I have two; both of them could have been deadly in different circumstances.
The first one was during a dive in my Cave 2 class. We were supposed to swim a line that would eventually make a left turn and end, and we were to jump forward onto the gold line and turn right, further into the cave. The passage was at about 95 feet, and I was diving Nitrox. I was leading. The whole dive was an anxious one, because the line was tied into the ceiling, which made it difficult to watch. When we got to the left turn, the line went on and T'd into the mainline, which was NOT what had been briefed. I sat and looked at it, and I knew it wasn't right, and it didn't feel right, and I didn't want to do it, so I waited a bit to see if anyone would turn the dive on gas. Nobody did, so I swam forward, cookied the intersection, and turned right. At that point, I got an "attention" signal from behind, turned around, and saw that the line had indeed ended, as we were told.
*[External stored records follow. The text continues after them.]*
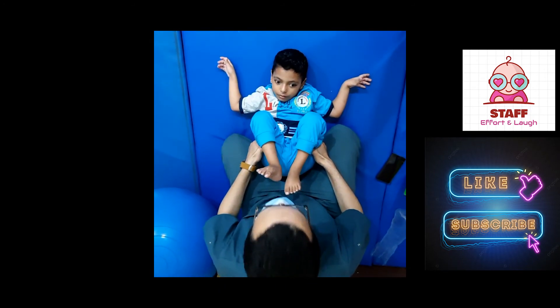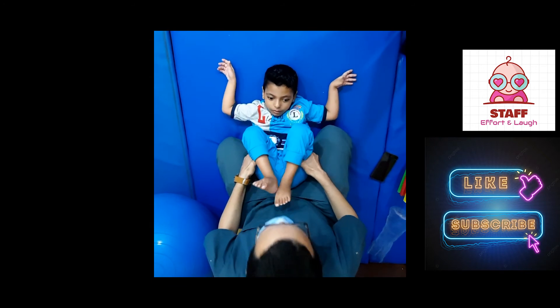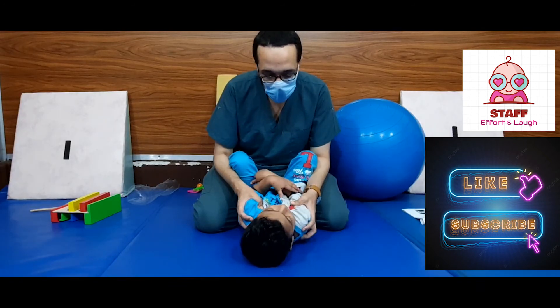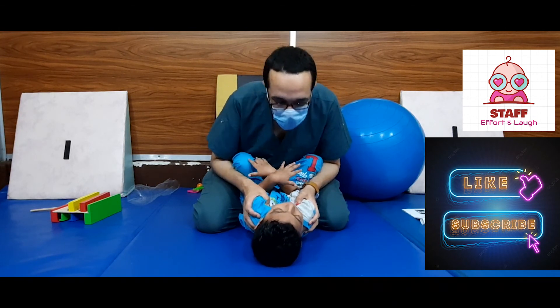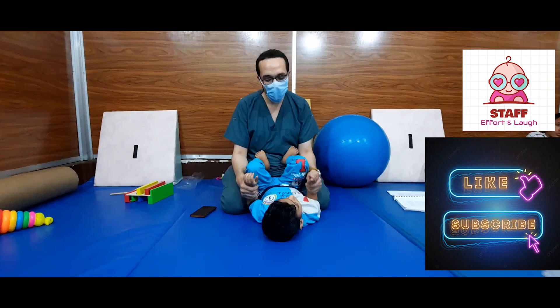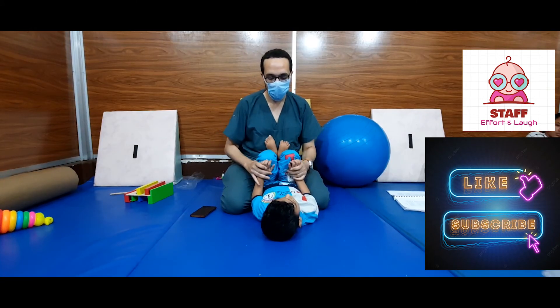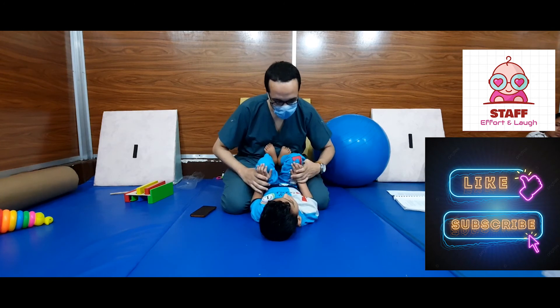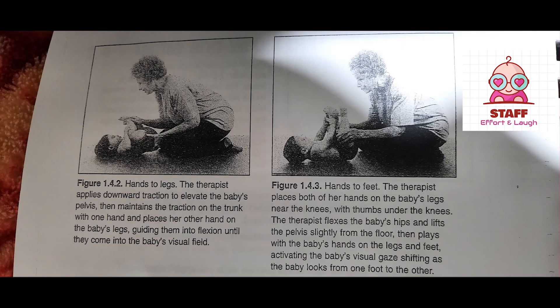Component goals: elongation of spinal extensors; activation of head, neck, and trunk flexors; shoulder flexion with elbow extension; hip flexion with knee flexion; hip flexion with knee extension; hand on body to decrease grasp reflex and increase active grasp with various shapes; downward visual gaze; and purposeful shifting of visual gaze.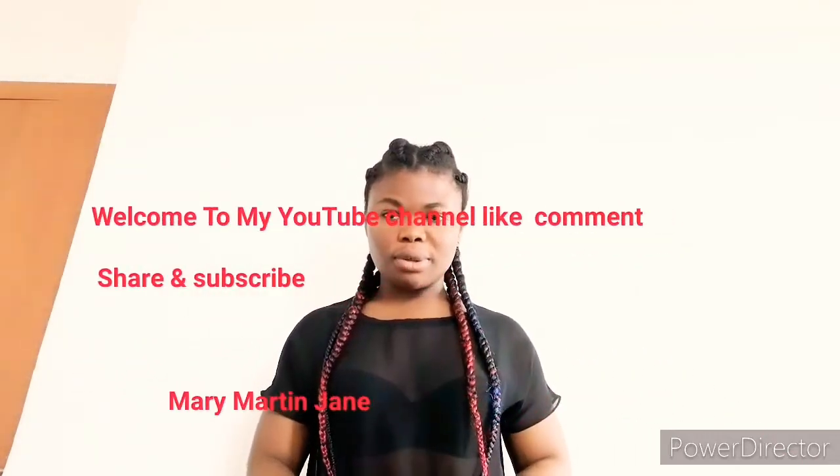Welcome back to my YouTube channel, it's your girl MJ. Today I'm going to make Italian piadini. I'm going to show you how I make this Italian piadini — it's easy and simple.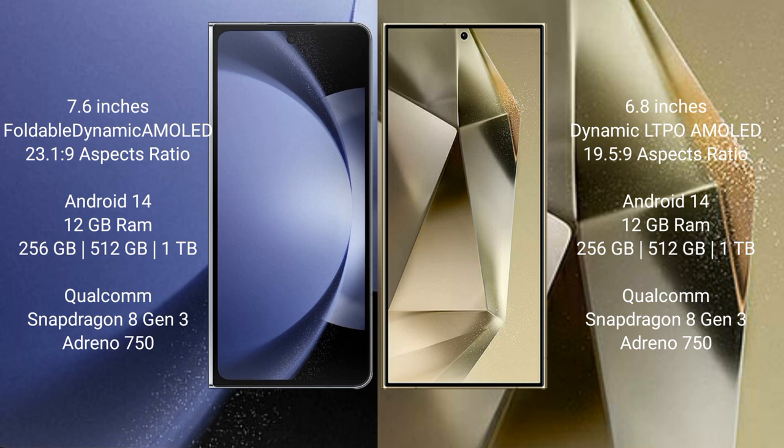The Samsung Galaxy Z Fold 6 comes with 12GB RAM and 256GB, 512GB, or 1TB internal storage options. It is powered by the Qualcomm Snapdragon 8 Gen 3 processor with GPU Adreno 750.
What I was following was SOMEONE ELSE'S jump spool line -- they had jumped FROM the mainline to our line, and I had missed the tie-in and the spool altogether. Now, of course, this was a class, so the instructor knew I was being an idiot -- but BOTH of my teammates had looked at the spool (one swam over to look at it) and neither had signaled me. Had we gone on, and had the team that put the spool in taken it out while we were there, we would have been completely confused when we came back. It was Ginnie, and the mainline has no obstructions, so we wouldn't have been in real trouble -- but in another place, we could have been.
About six months later, I did a dive in Jailhouse in Mexico. This was a path we hadn't previously taken, briefed by the guy at the dive shop, and would send us into a deeper passage than we normally dive there. But since the max depth briefed was 85 feet, I thought it was okay. We were again on Nitrox. Instructions were to take a jump that would go down and eventually come to a T, at which we were to turn right. I was leading. We put the jump in, went down, and swam along. It got deeper than briefed, again to about 95 feet, where I swam up to a weird place where the line was tied to the wall. There was an arrow (pointing out, I did verify that), then a tie-in on the wall, and about twelve inches away, ANOTHER tie-in, and then the line went off to the right. I looked at it and thought, "Huh, that's weird. Why would somebody tie the line of twice on the wall like that?" I turned right and went about my dive . . . until my husband's "attention" signal brought me back to see I had just swum past the T we had been warned to watch for.
Both incidents had the same quality -- a "Huh?" reaction, and a feeling that something wasn't quite right, but no ability at all to think it through.
I don't go to 100 feet on Nitrox in caves any more. Those two incidents scared the stuffing out of me.